I kinda think they went the opposite direction of anti-trust when they were encouraging and
backing the too big to fail banks to buy up the failing banks.
As far as what he could have changed, this guy made a few points:
Yes, I can actually point to a particular legal or regulatory barriers that were removed that allowed subprime lending to come into existence, although I have to go back three decades, not two. Prior to the Deregulation and Monetary Control Act of 1980 it was not possible to charge high rates and fees to borrowers. Then the Alternative Mortgage Transaction Parity Act of 1982 permitted variable interest rates and balloon payments. Also important in the crisis was the Tax Reform Act of 1986. The Tax Reform Act eliminated the tax deduction of interest on consumer loans, but then allowed interest deductions for mortgages. Thus, even very expensive mortgage debt was now actually cheaper than consumer debt for a great deal of households. This helped create large amounts of cash-out financing and encouraged the market to grow.
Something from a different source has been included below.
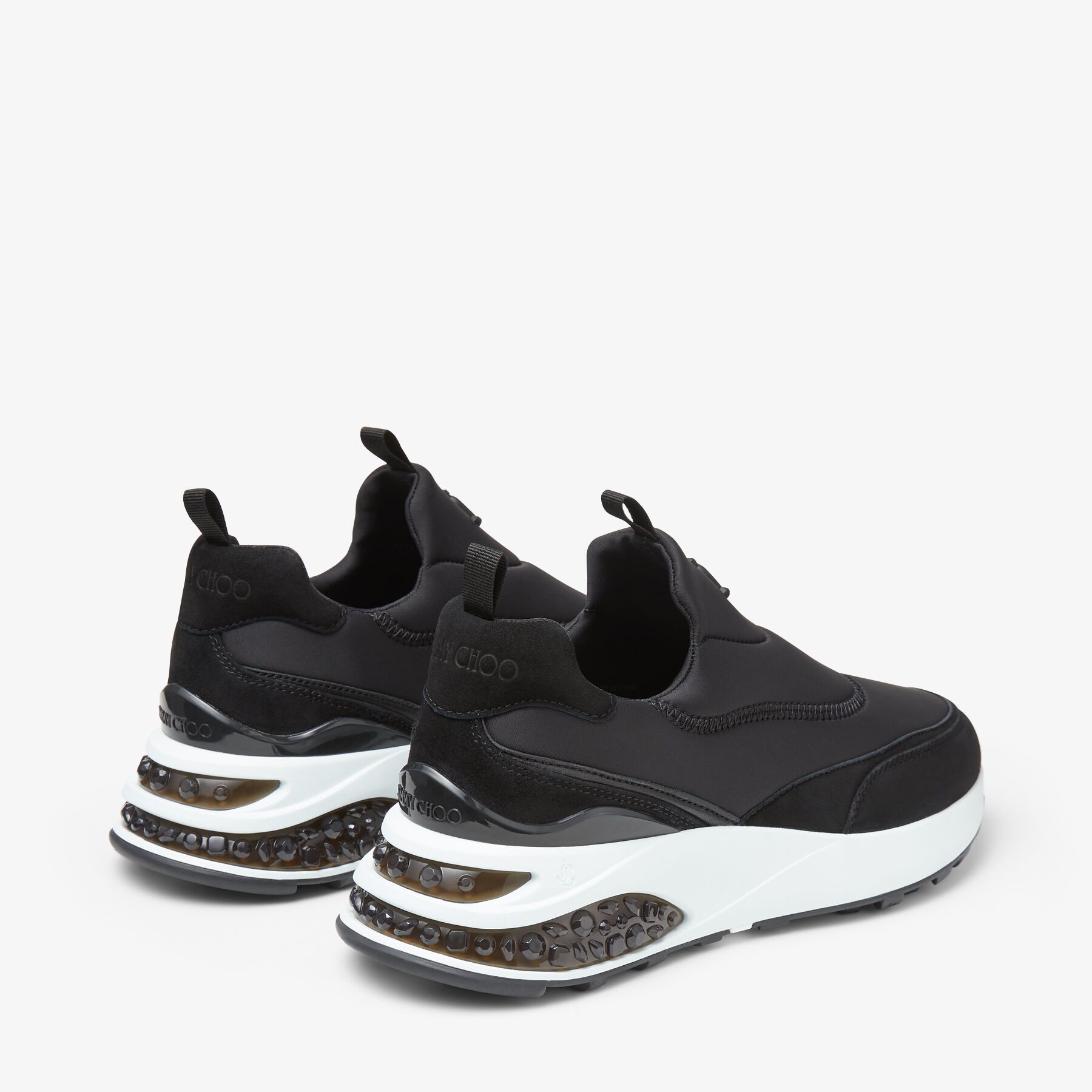 Memphis/F
Black Neoprene and Leather Low Top Trainers - 6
The reform bill fails to address the role of accounting in providing the "sure thing" means for senior officers to exploit and profit personally from these perverse incentives. The financial industry used its lobbying power to induce Congress to extort FASB to change the accounting rules to hide mortgage losses. This is the (early) S&L and the Japanese strategy of the cover up. It leads to disaster (S&Ls) or lost decades (Japan).
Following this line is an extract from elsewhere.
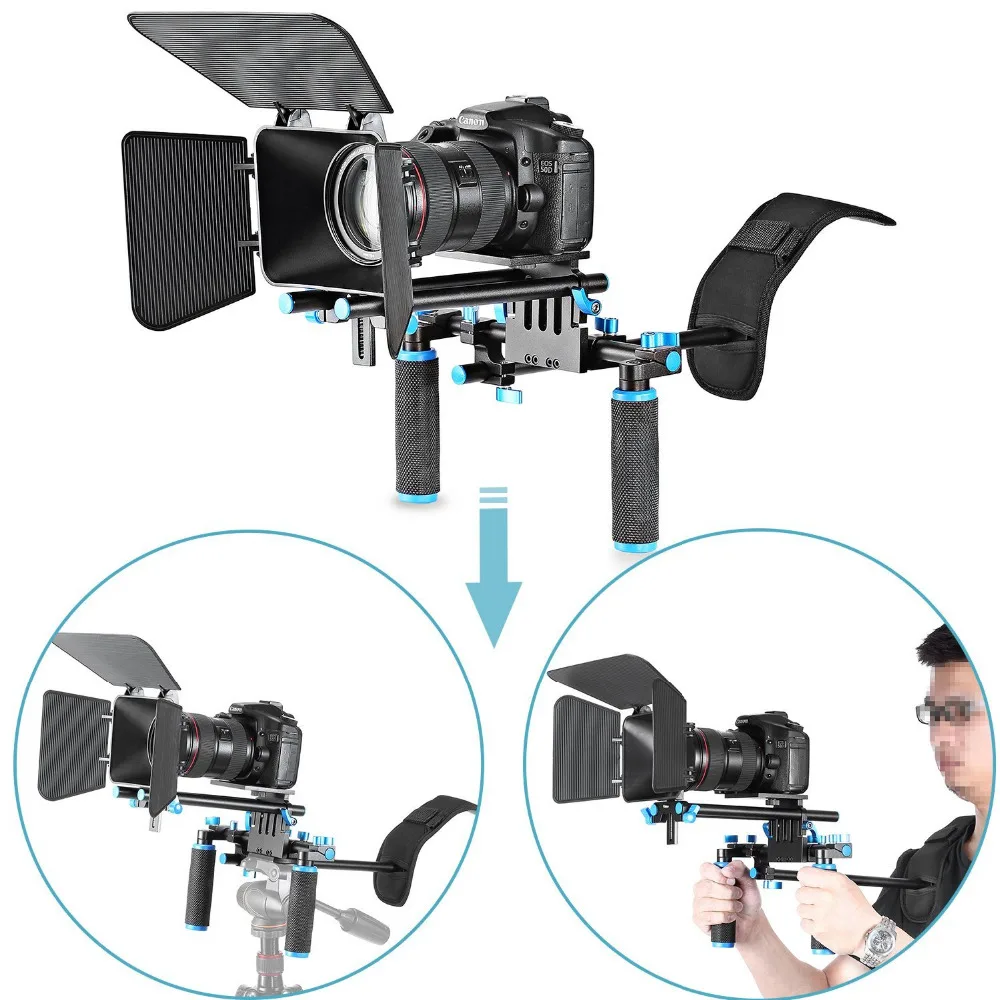 Набор для видеосъемки Neewer: наплечное крепление+ 15 мм рельсовая система+ Матовая коробка для Canon/Nikon/sony/Pentax DSLR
Presidents George W. Bush and Barack Obama had adequate authority to close the major insolvent banks, a statutory duty to do so (under the Prompt Corrective Action Law of 1991), and the factual basis (insolvency) for appointing receivers.
http://money.cnn.com/2010/07/18/news/economy/finreg_law_incentives_bill-black.fortune/index.htm
As far as I can tell he didn't do like Emanuel said and
put the crisis to good use. He is going to lose big on Tuesday just as if he
had nationalized health care (instead of enacting a giveaway to Insurance co's) and
really gone big on the stimulus with, off the top of my head, a massive rapid transit project instead of pissing into potholes.
Nope, no change.
The legitimate object of government, is to do for a community of people, whatever they need to have done, but can not do, at all, or can not, so well do, for themselves -- in their separate, and individual capacities.